## WHAT THE EXERCISE ASKS
Retype the lines from the first one in the records down to the line containing "A conceptual illustration", counting both, and leave out any pictures.

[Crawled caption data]
##############################
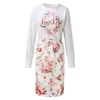 Tweede stuk jurk elegant pak voor vrouwen feestkokset silm fit lange mouw print trekstring shirred mujer robe femme 230325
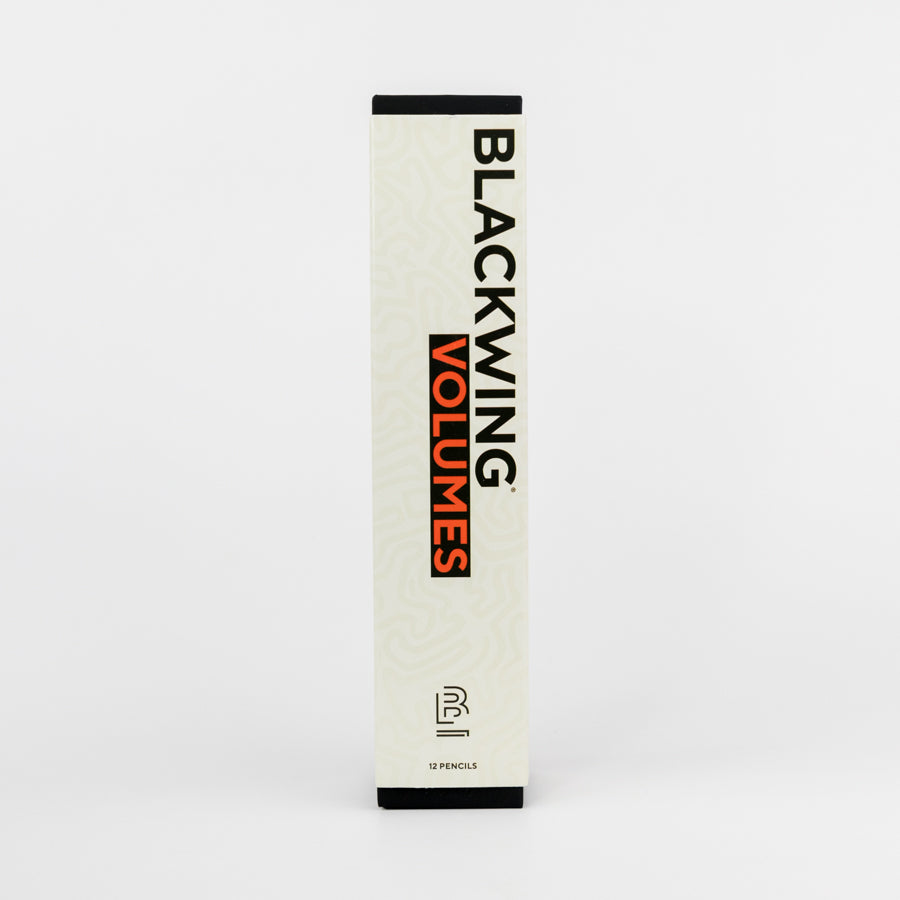 Blackwing Volumes packaging on a white background
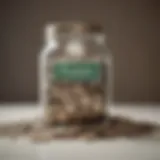 A conceptual illustration of a savings jar filled with coins, symbolizing homeownership savings goals.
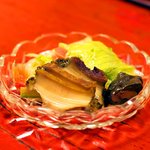 Ryoutei Masa - 鮑の酢の物とサラダ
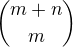${m+n\choose m}$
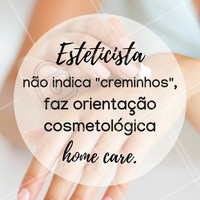 Cada tipo de pele deve passar por uma análise profissional para chegar numa orientação de cosméticos perfeitos para serem usados na sua rotina! Por isso é tão importante a consulta com quem entende. 😎 #esteticafacial #esteticacorporal #homecare #ahazou #cuidadoscomapele #cosmetologia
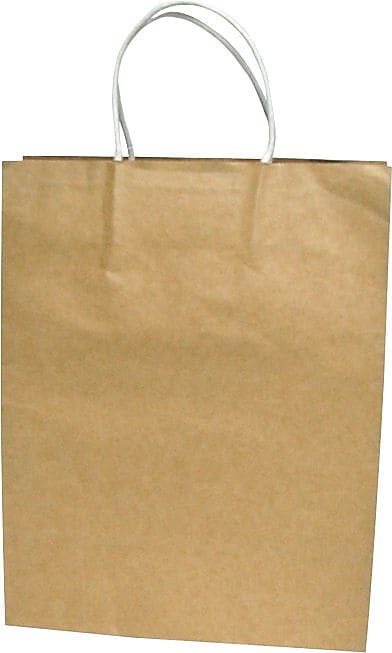 Large Premium Paper Shopping Bag, 17"H x 12"W x 5"D, Brown, 50/Pack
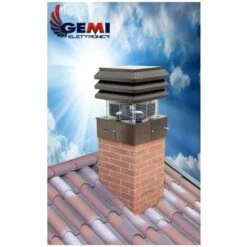 Extracteur De Fumée Pour Cheminèe Aspirateur Aspire-Fumée Électrique Ventilateur D'aspiration Extracteur Électrique De Fumées Pour Poêle Thermique Barbecue Modèle Professionnel Gemi Elettronica -Ubbink Magasin 98523235 4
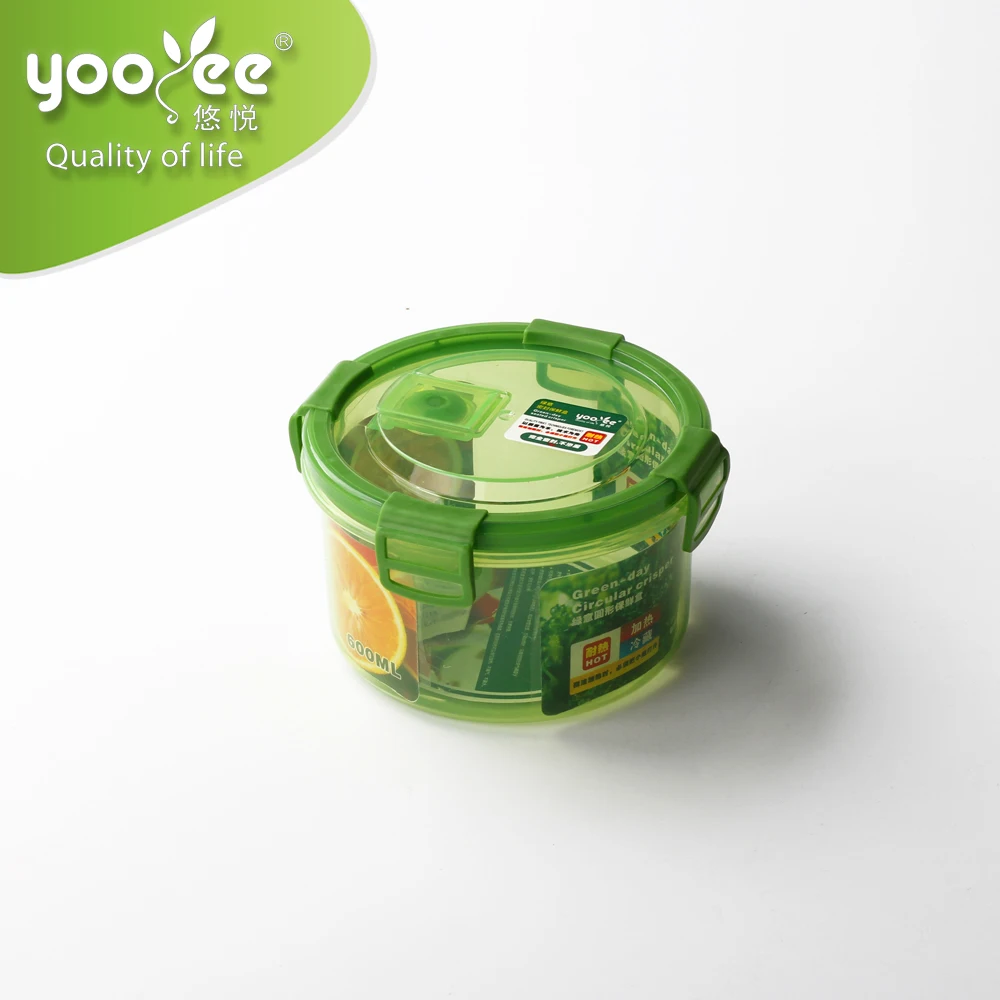 Airtight Microwavable Safe Small Round Plastic Food Storage Containers with Lids Wholesale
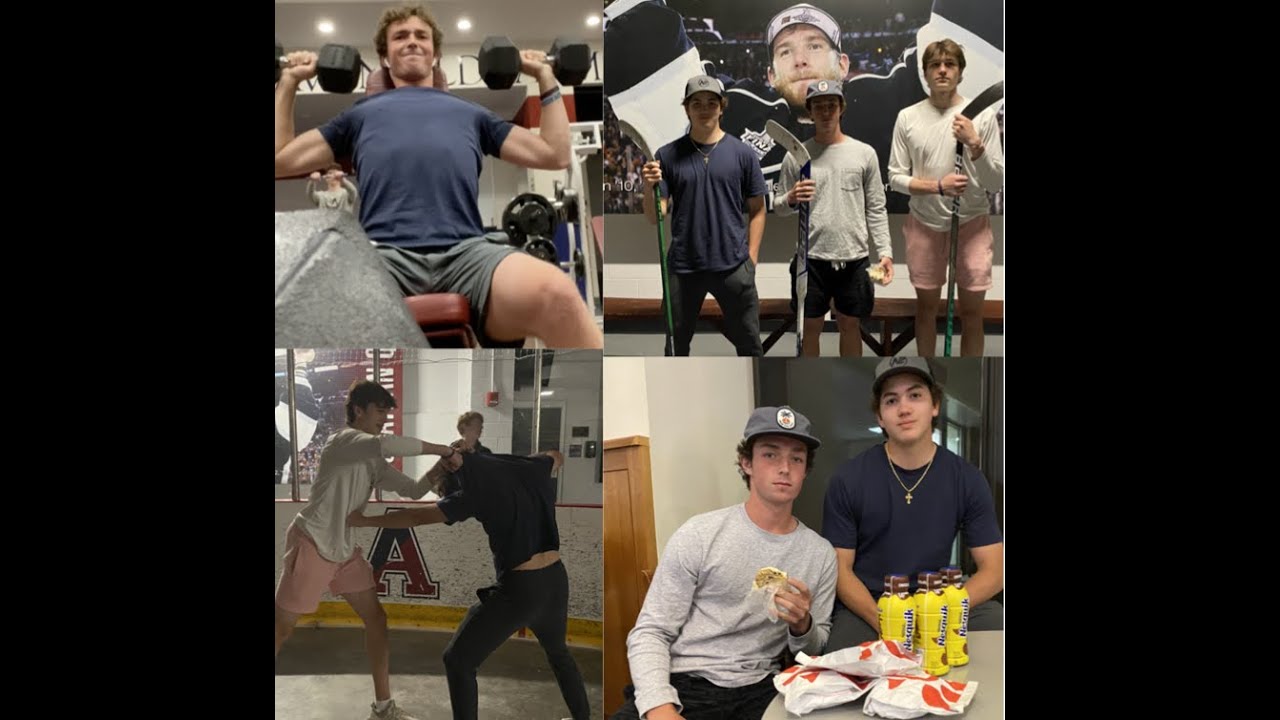 Avon Old Farms Hockey : Off Season Training (Day in Life)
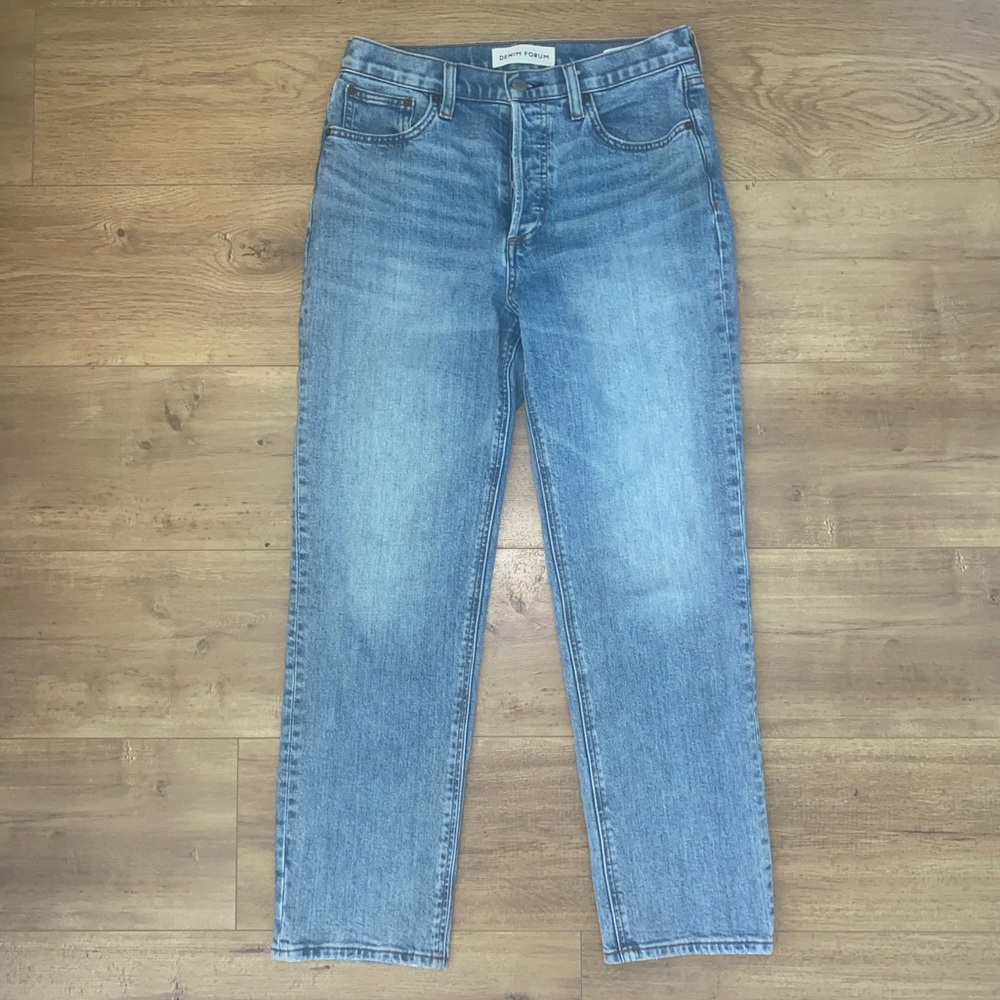 Denim Forum | Arlo High Rise Straight 28L size 28
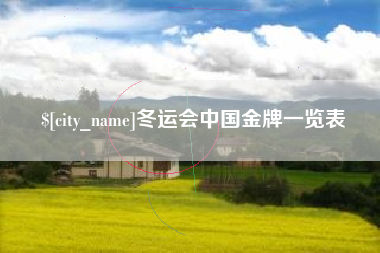 玉环冬运会中国金牌一览表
##############################
## RESPONSE TO THE TASK
 Tweede stuk jurk elegant pak voor vrouwen feestkokset silm fit lange mouw print trekstring shirred mujer robe femme 230325
 Blackwing Volumes packaging on a white background
 A conceptual illustration of a savings jar filled with coins, symbolizing homeownership savings goals.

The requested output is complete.